◆ **Provided records**:
★ ★ ★ ★ ★ ★ ★

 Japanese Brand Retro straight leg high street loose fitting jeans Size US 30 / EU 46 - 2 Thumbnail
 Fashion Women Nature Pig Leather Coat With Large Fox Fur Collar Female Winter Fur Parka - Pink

★ ★ ★ ★ ★ ★ ★

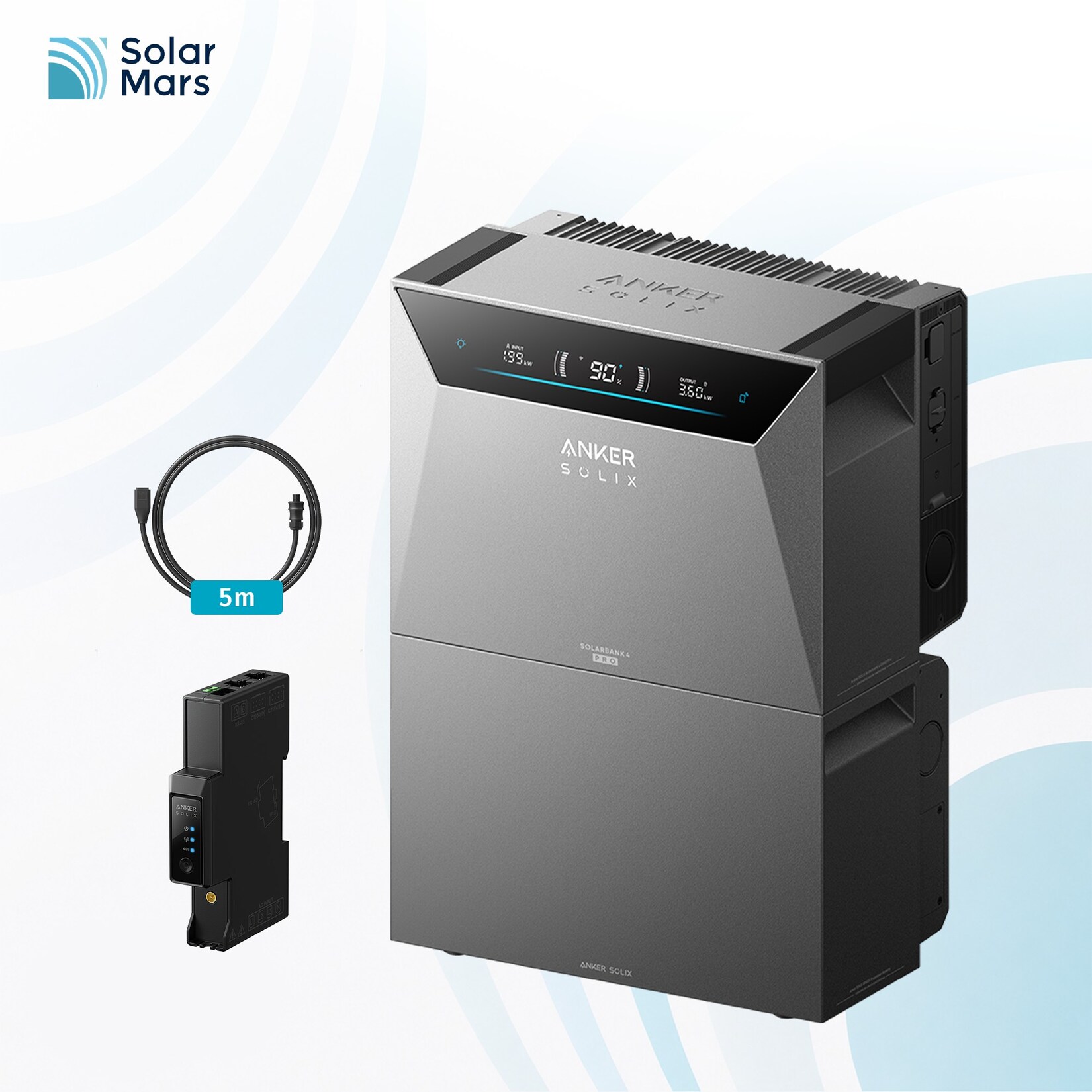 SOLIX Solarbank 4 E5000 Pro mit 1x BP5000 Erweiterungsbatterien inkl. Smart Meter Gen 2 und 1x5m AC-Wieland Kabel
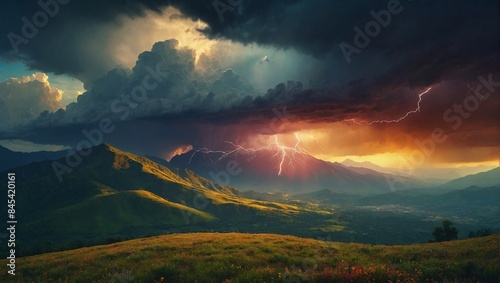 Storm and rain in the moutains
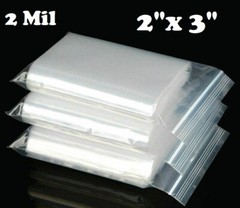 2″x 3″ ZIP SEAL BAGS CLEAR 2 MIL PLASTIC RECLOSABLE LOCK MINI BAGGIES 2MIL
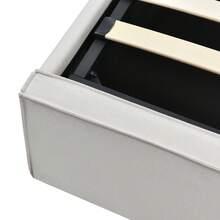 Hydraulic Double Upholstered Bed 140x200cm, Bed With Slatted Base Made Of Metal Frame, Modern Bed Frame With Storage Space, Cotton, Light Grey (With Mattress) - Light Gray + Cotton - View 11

★ ★ ★ ★ ★ ★ ★

◆ **What is required**:
Within the entries above, the lines from the one containing "2″x 3″ ZIP SEAL" through the one containing "Hydraulic Double Upholstered" are to be transcribed exactly, ends included, pictures excluded.

◆ **Solution**:
 2″x 3″ ZIP SEAL BAGS CLEAR 2 MIL PLASTIC RECLOSABLE LOCK MINI BAGGIES 2MIL
 Hydraulic Double Upholstered Bed 140x200cm, Bed With Slatted Base Made Of Metal Frame, Modern Bed Frame With Storage Space, Cotton, Light Grey (With Mattress) - Light Gray + Cotton - View 11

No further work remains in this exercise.